By hallucinating the existence of humans, robots can learn how to better cater to people and understand our world, researchers say.
For robots that interact with and react to the world around them as best as possible, scientists want to design machines that know what’s in their surroundings. Attempts to identify an item based on its appearance can run into a gauntlet of problems — for example, an object might differ in how it looks over time depending on the lighting or the angle the robot views it from, and one item might differ enough from a similar one when it comes to color, size or shape to confound a droid’s limited knowledge.
One way researchers want to improve a robot’s ability to identify objects is to help it recognize the context an item lies within. For instance, if a machine recognizes a setting as a kitchen, that could help it figure out that objects on a countertop might be cups, bowls or utensils.
Roboticist Ashutosh Saxena and his colleagues at Cornell University’s Personal Robotics Lab reasoned that people are likely the most important factors for robots to keep mind in the places where they work, since those environments are typically designed around human use. As such, when people are not actually there for reference, hallucinating their presence could help provide key context for the machines.
"I remembered passages by a few authors from my high-school reading, such as Charles Dickens, whose description of environments was so vivid and connected to people — for example, the description of Miss Havisham’s room in Great Expectations — that it created a picture in my mind," Saxena says.
The scientists experimented with a droid roughly the size of a full-grown adult that can roll around rooms on wheels, grasping items with two claw-tipped arms. The robot is named Kodiak — because Cornell’s mascot is a bear, all their robots are named after members of the bear family.
Kodiak sees the world in three dimensions using a Microsoft Kinect camera, which is armed with an infrared scanner that helps create 3-D models of items. Although the Kinect was originally developed for video gaming, roboticists now use the sensor to help robots navigate rooms.
The researchers had Kodiak imagine adult-sized 3-D stick-figure versions of people that were arranged in three sitting and three standing poses against backdrops of full 3-D scans of offices and homes.

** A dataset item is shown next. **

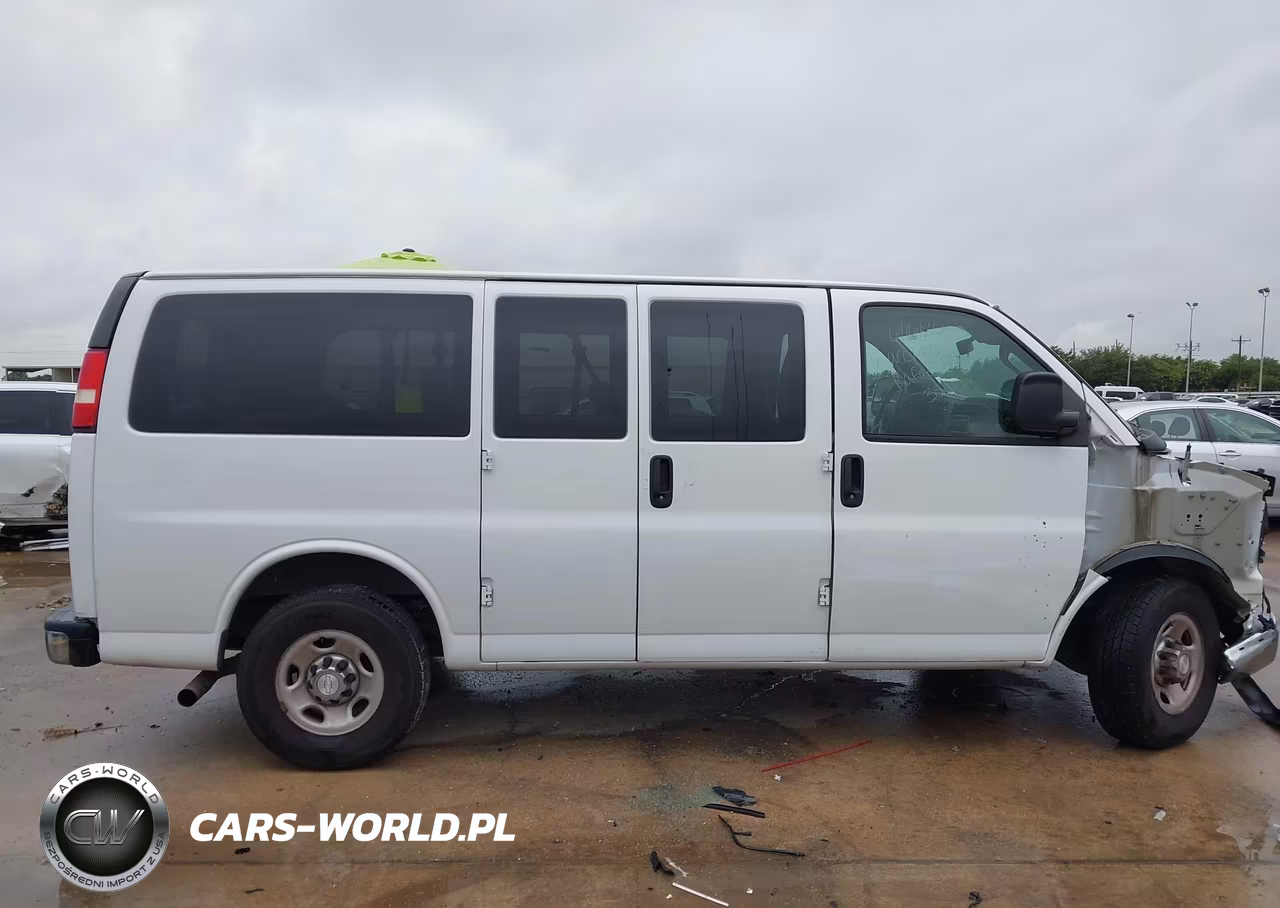 2019 Chevrolet Express 2500 Lt VIN:1GAWGFFG9K1193509 - 14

The robot does not model every position humans might occupy in a scene, only the most likely ones — for instance, it does not imagine people floating in the air or standing on tables or chairs.
"What we found surprising was how much structure there is in human environments because of humans," Saxena says. "Just by looking at empty scenes, our algorithm learns about how hallucinated humans use the objects in the environment."
Using these hallucinations proved helpful when it came to robots identifying what they saw.
"For robots arranging environments — placing objects in correct places — the average error in the correct location of the object was reduced by more than one foot, which resulted in about 95 percent of placements to be correct as compared to about 70 percent when not hallucinating humans," Saxena says.
For instance, they could recognize the configuration of chairs, tables, monitors and keyboards as commonly found in offices, which can naturally be explained by a posed human avatar in the chair working on the computer. Small handheld devices are typically held close to people, while certain objects like televisions are often used at a distance.
"The most rewarding point was that when our algorithm discovered how humans use objects without actually seeing humans using it," Saxena says.
Future applications of such research could be robot butlers and maids that help pick up after people. In addition, “I could speculate that a self-driving car could hallucinate where people could go, so as to safely drive more conservatively in those situations,” Saxena says.
The scientists will detail their findings on June 25 at the Robotics: Science and Systems Conference in Berlin and on June 27 at the Computer Vision and Pattern Recognition in Portland.